* WHAT THE TASK ASKS *
Write out the listing beneath this instruction in its entirety, exactly as it reads.

* AVAILABLE RECORDS *
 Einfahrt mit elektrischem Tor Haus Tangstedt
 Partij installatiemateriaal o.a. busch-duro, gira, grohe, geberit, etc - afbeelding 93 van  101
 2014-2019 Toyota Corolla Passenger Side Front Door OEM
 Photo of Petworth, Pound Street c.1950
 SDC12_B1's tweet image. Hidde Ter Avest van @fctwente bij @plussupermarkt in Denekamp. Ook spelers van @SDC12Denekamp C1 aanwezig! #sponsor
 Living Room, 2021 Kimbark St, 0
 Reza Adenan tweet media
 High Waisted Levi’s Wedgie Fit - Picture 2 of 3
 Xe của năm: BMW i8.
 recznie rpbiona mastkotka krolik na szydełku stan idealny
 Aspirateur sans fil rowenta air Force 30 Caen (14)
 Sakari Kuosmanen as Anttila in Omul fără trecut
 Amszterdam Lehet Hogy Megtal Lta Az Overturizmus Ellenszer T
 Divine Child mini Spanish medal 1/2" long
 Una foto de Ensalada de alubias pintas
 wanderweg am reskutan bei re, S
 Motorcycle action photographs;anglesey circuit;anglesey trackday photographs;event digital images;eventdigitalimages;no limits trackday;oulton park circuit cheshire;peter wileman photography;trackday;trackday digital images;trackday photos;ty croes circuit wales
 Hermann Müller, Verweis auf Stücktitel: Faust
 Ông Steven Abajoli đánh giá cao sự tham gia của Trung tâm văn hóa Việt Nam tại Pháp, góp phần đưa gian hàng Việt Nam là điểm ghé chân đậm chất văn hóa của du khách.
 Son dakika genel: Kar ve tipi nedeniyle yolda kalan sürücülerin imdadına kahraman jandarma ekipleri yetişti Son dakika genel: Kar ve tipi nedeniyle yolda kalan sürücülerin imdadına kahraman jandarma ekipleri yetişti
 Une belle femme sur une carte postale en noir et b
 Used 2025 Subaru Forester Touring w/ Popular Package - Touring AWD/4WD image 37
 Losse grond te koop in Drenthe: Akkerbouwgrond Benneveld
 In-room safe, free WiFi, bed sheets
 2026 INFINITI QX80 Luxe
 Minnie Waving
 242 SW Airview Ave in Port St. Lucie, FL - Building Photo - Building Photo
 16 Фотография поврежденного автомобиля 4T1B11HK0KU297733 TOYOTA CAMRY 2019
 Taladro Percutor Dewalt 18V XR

* YOUR SOLUTION *
 Einfahrt mit elektrischem Tor Haus Tangstedt
 Partij installatiemateriaal o.a. busch-duro, gira, grohe, geberit, etc - afbeelding 93 van  101
 2014-2019 Toyota Corolla Passenger Side Front Door OEM
 Photo of Petworth, Pound Street c.1950
 SDC12_B1's tweet image. Hidde Ter Avest van @fctwente bij @plussupermarkt in Denekamp. Ook spelers van @SDC12Denekamp C1 aanwezig! #sponsor
 Living Room, 2021 Kimbark St, 0
 Reza Adenan tweet media
 High Waisted Levi’s Wedgie Fit - Picture 2 of 3
 Xe của năm: BMW i8.
 recznie rpbiona mastkotka krolik na szydełku stan idealny
 Aspirateur sans fil rowenta air Force 30 Caen (14)
 Sakari Kuosmanen as Anttila in Omul fără trecut
 Amszterdam Lehet Hogy Megtal Lta Az Overturizmus Ellenszer T
 Divine Child mini Spanish medal 1/2" long
 Una foto de Ensalada de alubias pintas
 wanderweg am reskutan bei re, S
 Motorcycle action photographs;anglesey circuit;anglesey trackday photographs;event digital images;eventdigitalimages;no limits trackday;oulton park circuit cheshire;peter wileman photography;trackday;trackday digital images;trackday photos;ty croes circuit wales
 Hermann Müller, Verweis auf Stücktitel: Faust
 Ông Steven Abajoli đánh giá cao sự tham gia của Trung tâm văn hóa Việt Nam tại Pháp, góp phần đưa gian hàng Việt Nam là điểm ghé chân đậm chất văn hóa của du khách.
 Son dakika genel: Kar ve tipi nedeniyle yolda kalan sürücülerin imdadına kahraman jandarma ekipleri yetişti Son dakika genel: Kar ve tipi nedeniyle yolda kalan sürücülerin imdadına kahraman jandarma ekipleri yetişti
 Une belle femme sur une carte postale en noir et b
 Used 2025 Subaru Forester Touring w/ Popular Package - Touring AWD/4WD image 37
 Losse grond te koop in Drenthe: Akkerbouwgrond Benneveld
 In-room safe, free WiFi, bed sheets
 2026 INFINITI QX80 Luxe
 Minnie Waving
 242 SW Airview Ave in Port St. Lucie, FL - Building Photo - Building Photo
 16 Фотография поврежденного автомобиля 4T1B11HK0KU297733 TOYOTA CAMRY 2019
 Taladro Percutor Dewalt 18V XR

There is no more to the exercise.